Yola devam ediyoruz ve bu sefer köprüyü karşıya geçip indiğimiz gibi tırmanmaya başlıyoruz. Yolumuzun üzerinden önce Zibortçi Şelalesi var. Daha sonra Çetekalevi şelalesini de geçip 35 km sonra Komatti Yaylasına geliyoruz. Komatti yaylası 1413 m yükseklikte klasik bir orman mezrası. Yapılaşma yoğun olmasa da yaklaşık 50 hanelik bir ev sayısına ulaşılmış durumda. Ufak tefek bazı iğreti evleri saymazsak genelde ahşap yapılaşmaya dikkat edilmeye çalışılmış güzel bir Mezra.

   

Yolumuz buradan Eğrisu yaylasına doğru devam edecek.  İlk geldiğimiz noktada hemen yol kenarında çok güzel bir şelale olan Çarkıruba Şelalesini görmekteyiz.  

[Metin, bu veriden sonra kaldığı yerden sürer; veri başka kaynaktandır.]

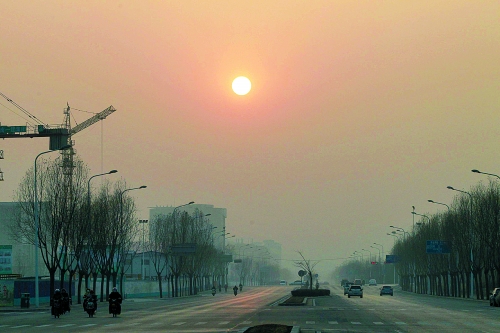 昨日天空放晴，雖然天還不是那么藍(lán)，但也給大家?guī)?lái)好心情。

Buranın devamı Eğrisu Yaylası veya Lazca adı ile Sariğule yaylasına gitmektedir.  Eğrisu Yaylası tam yaylacılık için düzenlenmiş bir yayla. 2063 m. yükseklikte ve vadinin tam ortasında yer alıyor. Toplucalıların yaylası olan Eğrisu, 5 tanesi sağlam  gerisi sadece ocaklık ve yıkıntılardan ibaret 15 haneden oluşuyor. Bizleri orada yaylacılık yapan Hafız Çorbacının yanına götürüyorlar. Hafız amcanın mükemmel keçi sütünden yapılmış ayranını içip yaylayı geziyoruz.

       



Yarım saat yaylayı dolaştıktan sonra Komatti yaylasına geri dönüyoruz ve piknik yapan Haydar Bergel, Ömer Bergel, Rıfat Sarıoğlu, Osman Çorbacı, Kemal Sarıöz ve Galip Sarıöz'den oluşan gurupla beraber onların beraber konakladıkları eve geçiyoruz. Dereden tuttukları alabalık ile bizlere mükemmel bir ziyafet veriyorlar. Yer dumanının yavaş yavaş görüntü ve çiseyi getirmesi üzerine bir an evvel dönüş yolculuğuna başlıyoruz.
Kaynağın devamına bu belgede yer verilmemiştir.